Scale Indefinitely on S3 With These Secrets of the S3 Masters

In a great article, Amazon S3 Performance Tips & Tricks, Doug Grismore, Director of Storage Operations for AWS, has outed the secret arcana normally reserved for Premium Developer Support customers on how to really use S3:

  • Size matters. Workloads with less than 50-100 total requests per second don't require any special effort. Customers that routinely perform thousands of requests per second need a plan.
  • Automated partitioning. Automated systems scale S3 horizontally by continuously splitting data into partitions based on high request rates and the number of keys in a partition (which leads to slow lookups). Lessons you've learned with sharding may also apply to S3.   
  • Avoid hot spots. Like most sharding schemes, you want to avoid hot spots by the smart selection of key names. S3 objects are stored in buckets.  Each object is identified using a key.

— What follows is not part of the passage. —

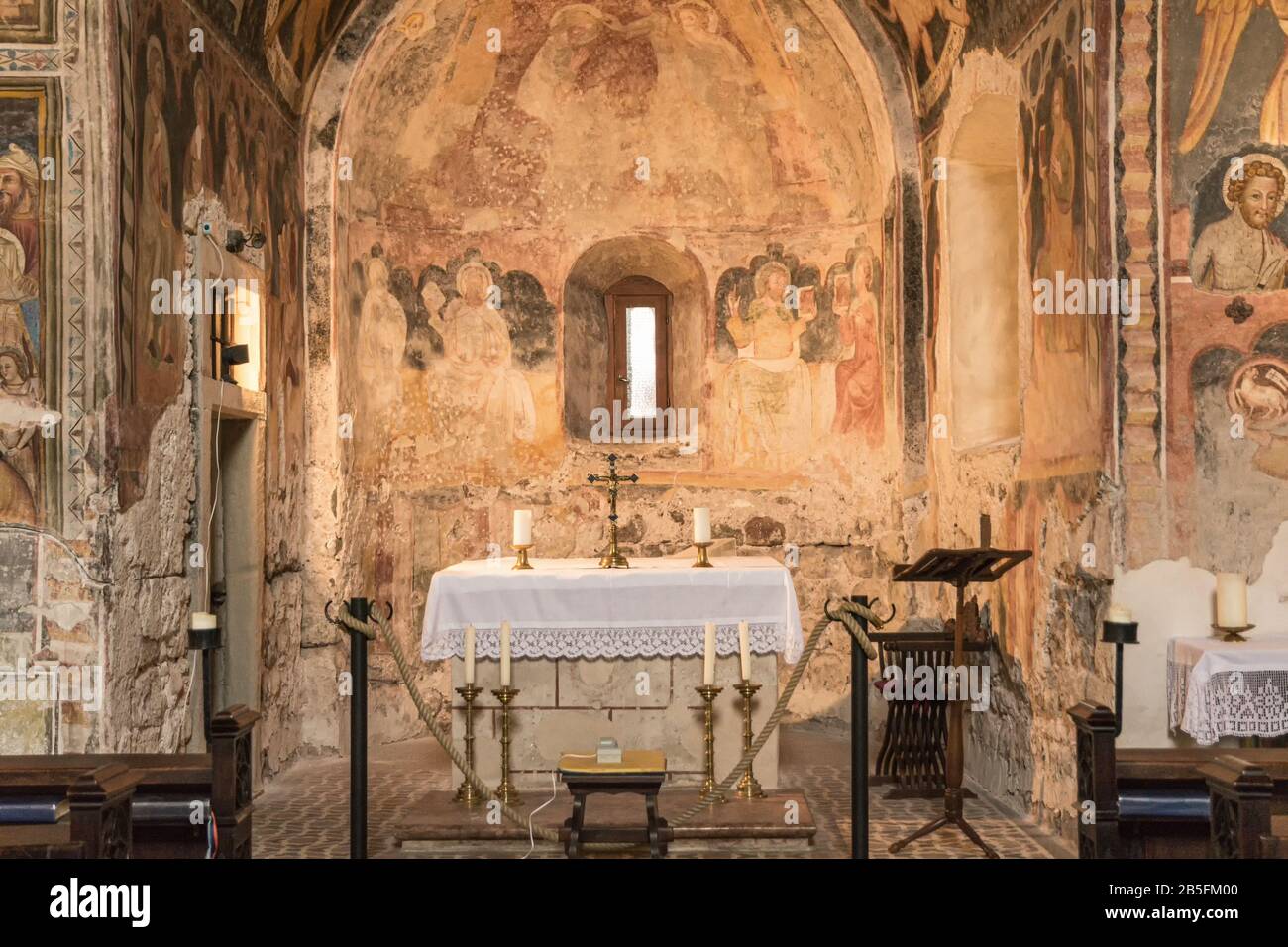 Antica chiesetta di San Giovanni nel centro storico di bolzano in Alto Adige, Trentino Alto Adige, Italia settentrionale - 9 novembre 2019 Foto Stock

Keys are kept in sorted order. Keys in S3 are partitioned by prefix. Objects that sort together are stored together, so you want to select key names that will spread load around rather than all hash to the same partition.
    • Creating keys based on a incrementally increasing numbers or date-time constructs, as is common when creating IDs, is bad for S3 scaling: 
      • All new content is put in a single partition.
      • Partitions storing older content are wasting their potential IOPS because the data they contain is probably colder.
  • Reverse the order of the digits in an identifier. This simple trick starts a key with what is essentially a random number. This fans out transactions across many potential child partitions.  S3 will detect this parallel type of write pattern and it will automatically create multiple child partitions from the same parent simultaneously. 
  • Maintaining sort order. Instead of creating a separate indexing database, many applications depend on the sort order provided by S3 to page through data, which is ruined by the previous trick. New trick:
    • Create a partition-enabling hash, use it as a prefix-list, then name keys with the key name elements you'd like to request by furthest to the left.
    • With a 100 operations per second and 20 million stored objects per partition, a four character hex hash partition set in a bucket or sub-bucket namespace could theoretically grow to support millions of operations per second and over a trillion unique keys before we'd need a fifth character in the hash. 

The original article is much more detailed, but this is a quick look on how you can structure your S3 key space to optimize throughput using insight on how S3 actually works.